***** DATA EXCERPT

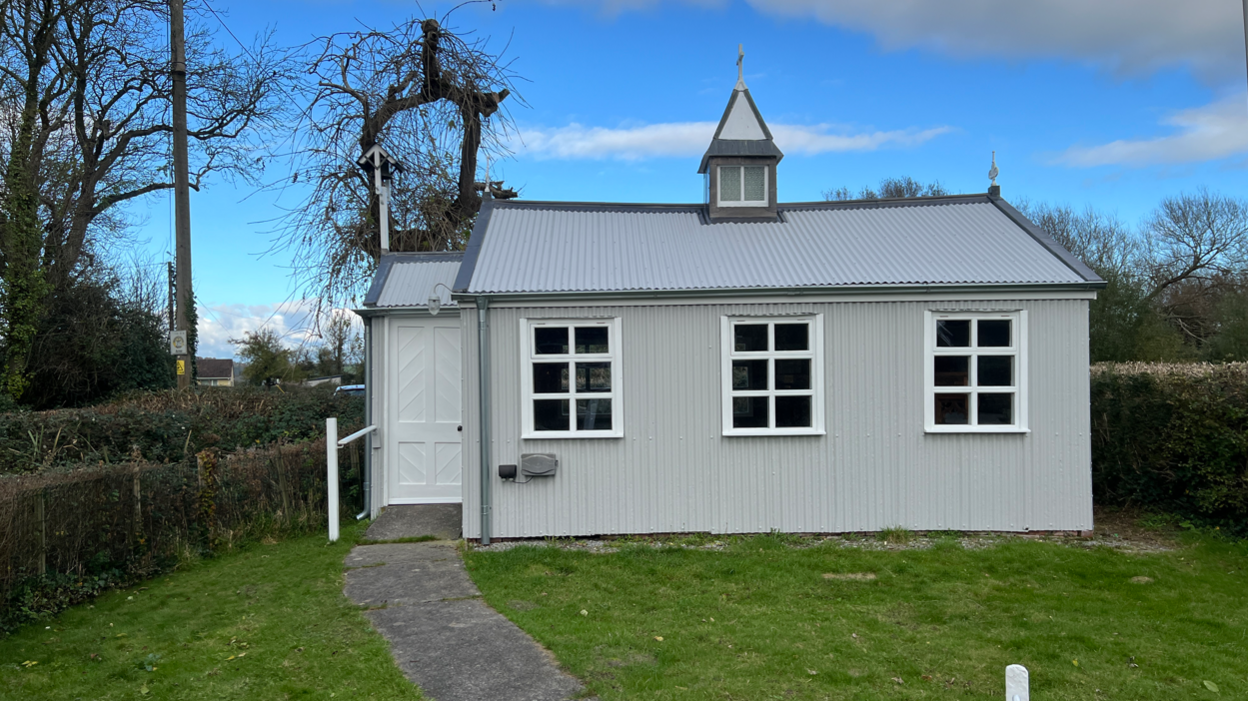 The tin church seen from the outside. There is a path leading up to the entrance. 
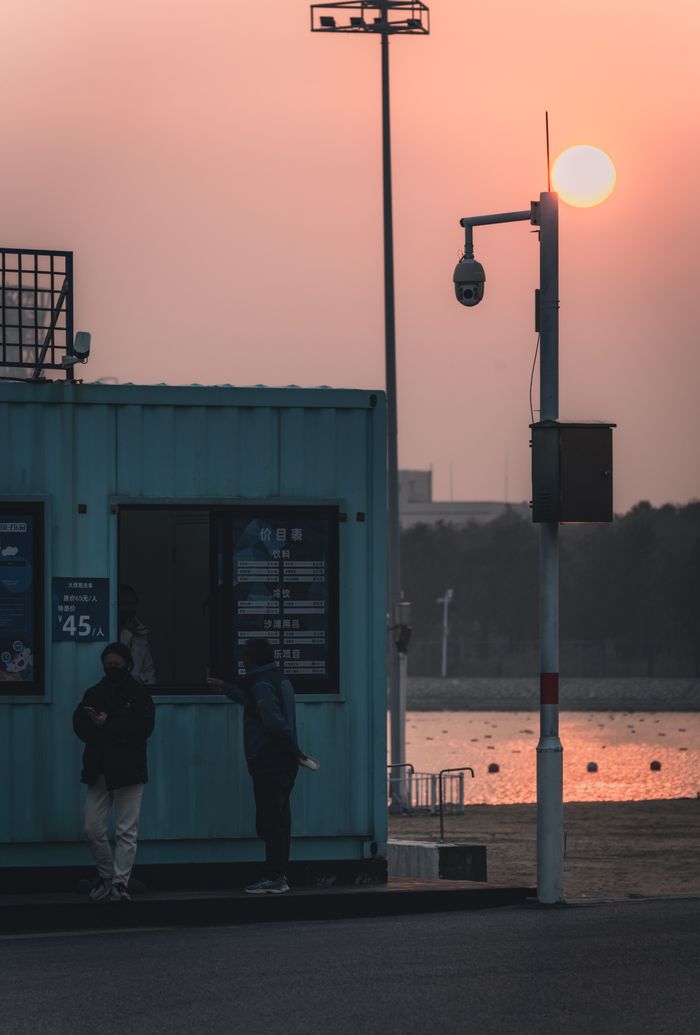 Silhouettes of people by a waterfront during sunset, with an urban ambiance and calm water.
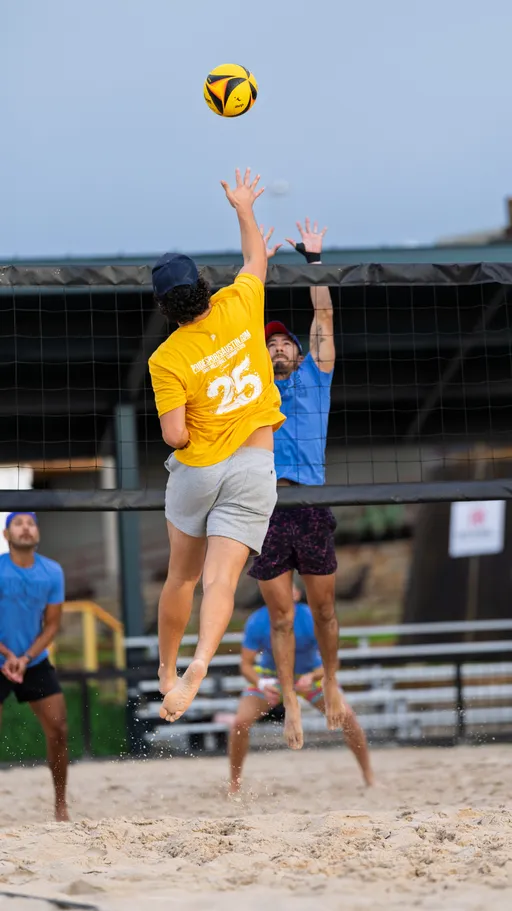 A volleyball player in a yellow shirt and gray shorts jumps to hit the ball over the net, while an opponent in a blue shirt leaps with arms extended, attempting to block the shot on a sandy outdoor volleyball court.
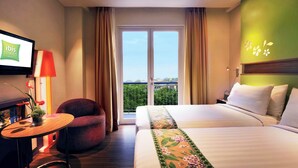 Una habitación de hotel con cama, una silla, una mesita, televisión y balcón con vistas.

**********

* TASK DIRECTIONS:
Without the pictures, retype exactly the lines from the one that holds "Silhouettes of people" to the last line of the data above, both of them included.

* SOLUTION BELOW:
 Silhouettes of people by a waterfront during sunset, with an urban ambiance and calm water.
 A volleyball player in a yellow shirt and gray shorts jumps to hit the ball over the net, while an opponent in a blue shirt leaps with arms extended, attempting to block the shot on a sandy outdoor volleyball court.
 Una habitación de hotel con cama, una silla, una mesita, televisión y balcón con vistas.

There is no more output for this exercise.